§ **YOUR INSTRUCTIONS**: Repeat verbatim what the listing holds, but not its pictures.

§ **DATA PROVIDED**:
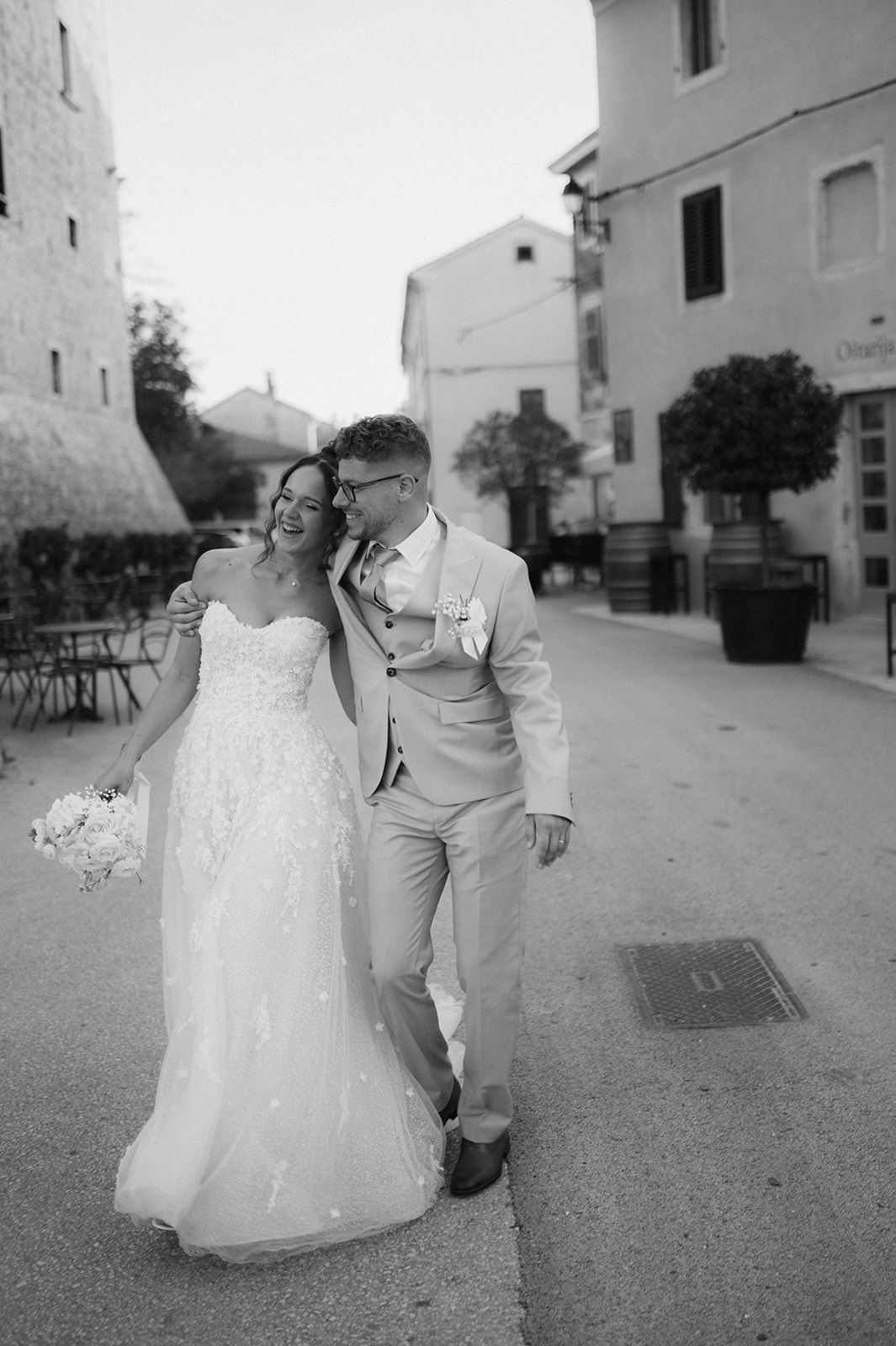 Black and white photo of a smiling bride and groom walking together on a cobblestone street on their wedding day.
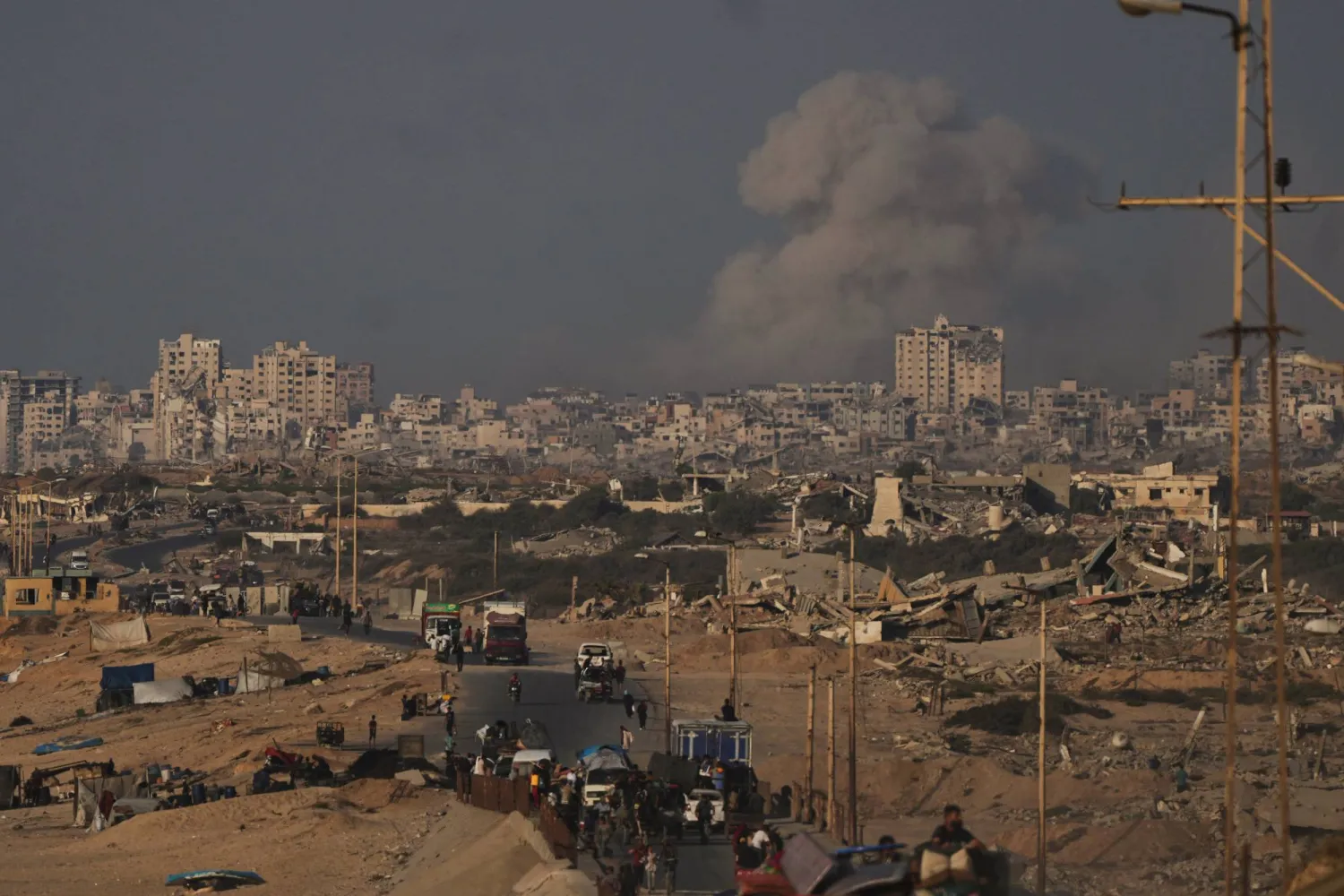 Smoke rises following an Israeli military strike in Gaza City, as seen from the central Gaza Strip, Friday, Sept. 26, 2025. (AP Photo/Abdel Kareem Hana)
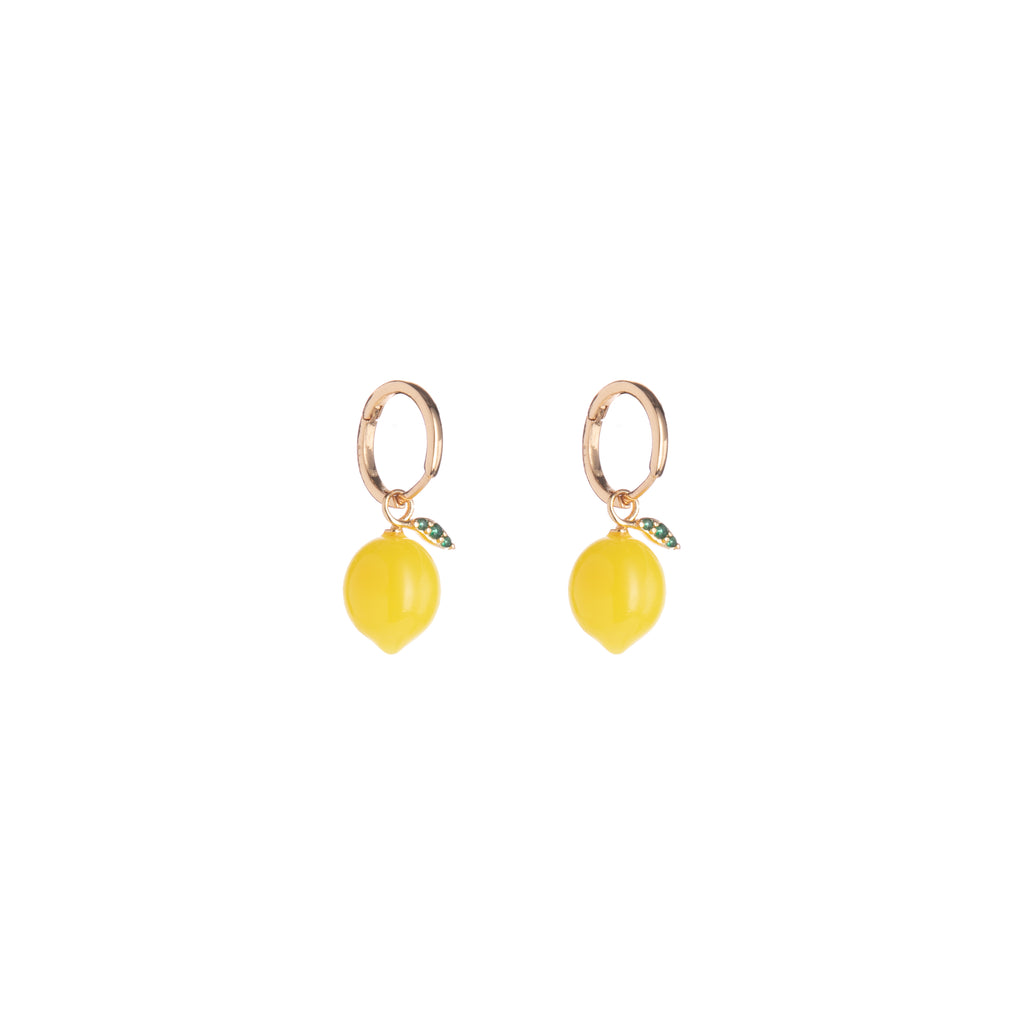 Zest up your jewelry collection with these lemon drop huggie earrings! With a refreshing resin lemon and CZ green enamel leaves, these lemon drops will add subtle yet eye-catching citrus to any outfit.  Material: Brass, Resin, CZ Dimensions: Approx. 1" Length, 0.3" Width Huggie hoop closure Lead and Nickel-free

§ **TASK OUTPUT**:
 Black and white photo of a smiling bride and groom walking together on a cobblestone street on their wedding day.
 Smoke rises following an Israeli military strike in Gaza City, as seen from the central Gaza Strip, Friday, Sept. 26, 2025. (AP Photo/Abdel Kareem Hana)
 Zest up your jewelry collection with these lemon drop huggie earrings! With a refreshing resin lemon and CZ green enamel leaves, these lemon drops will add subtle yet eye-catching citrus to any outfit.  Material: Brass, Resin, CZ Dimensions: Approx. 1" Length, 0.3" Width Huggie hoop closure Lead and Nickel-free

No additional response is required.